====== RECORDS

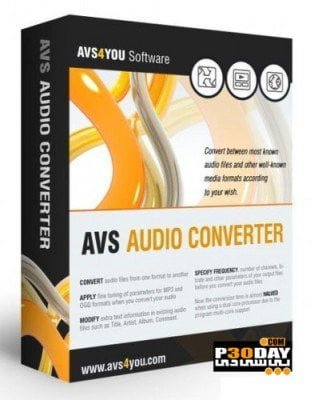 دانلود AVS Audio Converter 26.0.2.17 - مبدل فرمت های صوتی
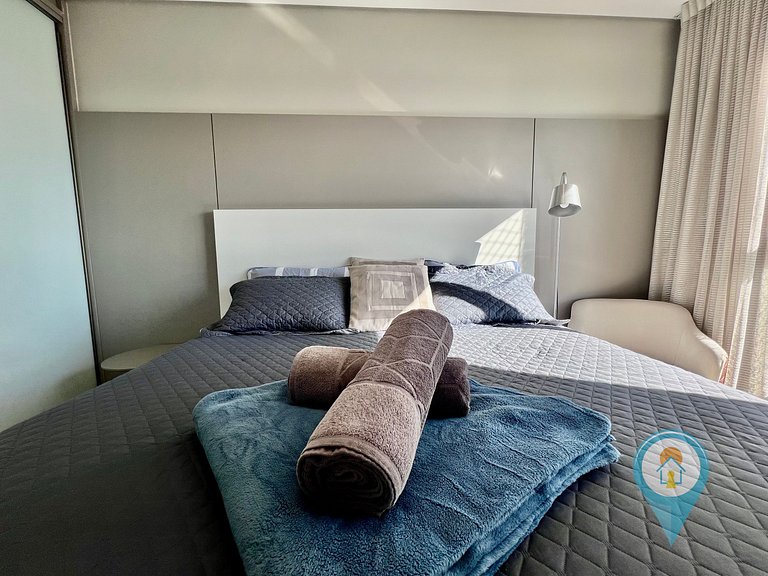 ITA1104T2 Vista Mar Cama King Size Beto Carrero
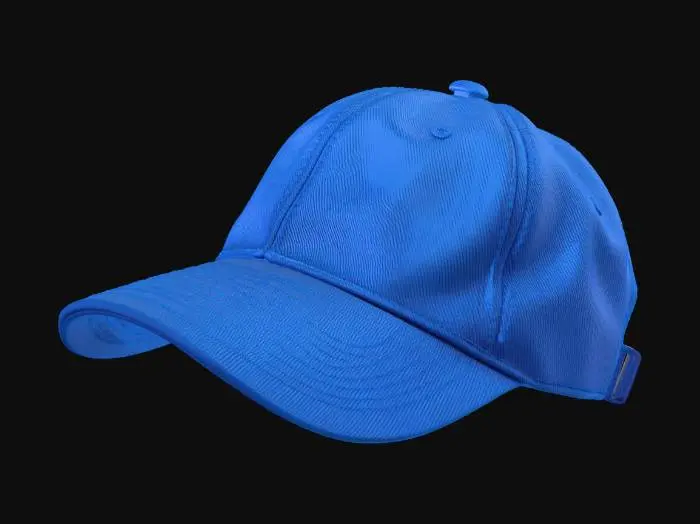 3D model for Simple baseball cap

============
====== RECORDS

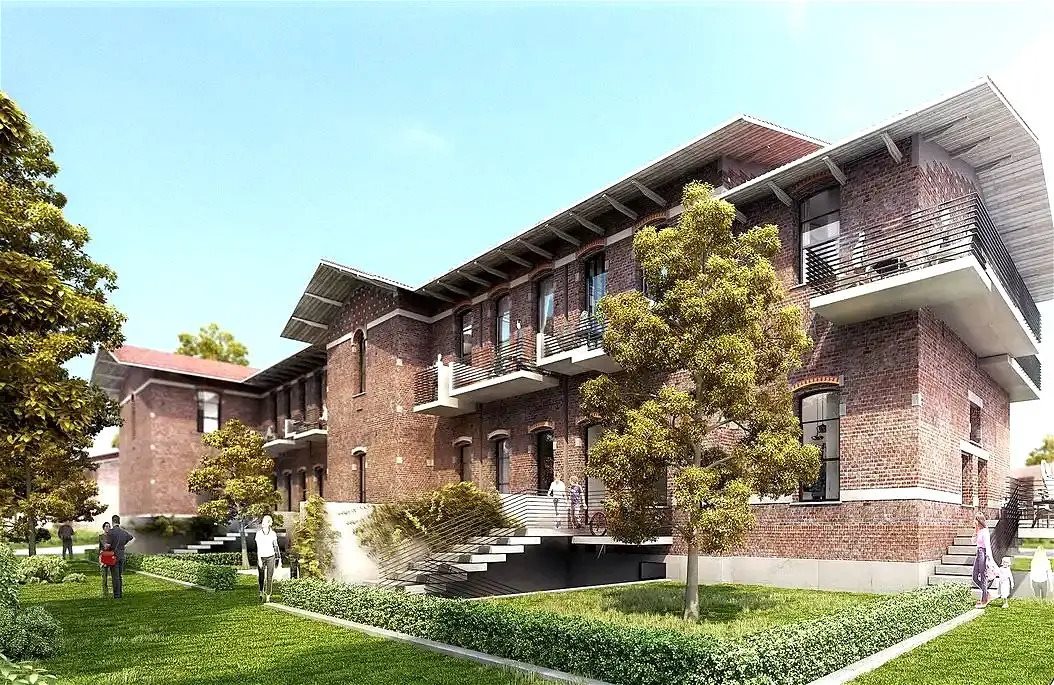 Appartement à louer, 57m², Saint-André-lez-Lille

============

Both the line above containing "دانلود AVS Audio" and the line containing "3D model for Simple baseball cap" belong in the copy, along with every line between them; print these exactly and omit the pictures.

§ THE ANSWER:
 دانلود AVS Audio Converter 26.0.2.17 - مبدل فرمت های صوتی
 ITA1104T2 Vista Mar Cama King Size Beto Carrero
 3D model for Simple baseball cap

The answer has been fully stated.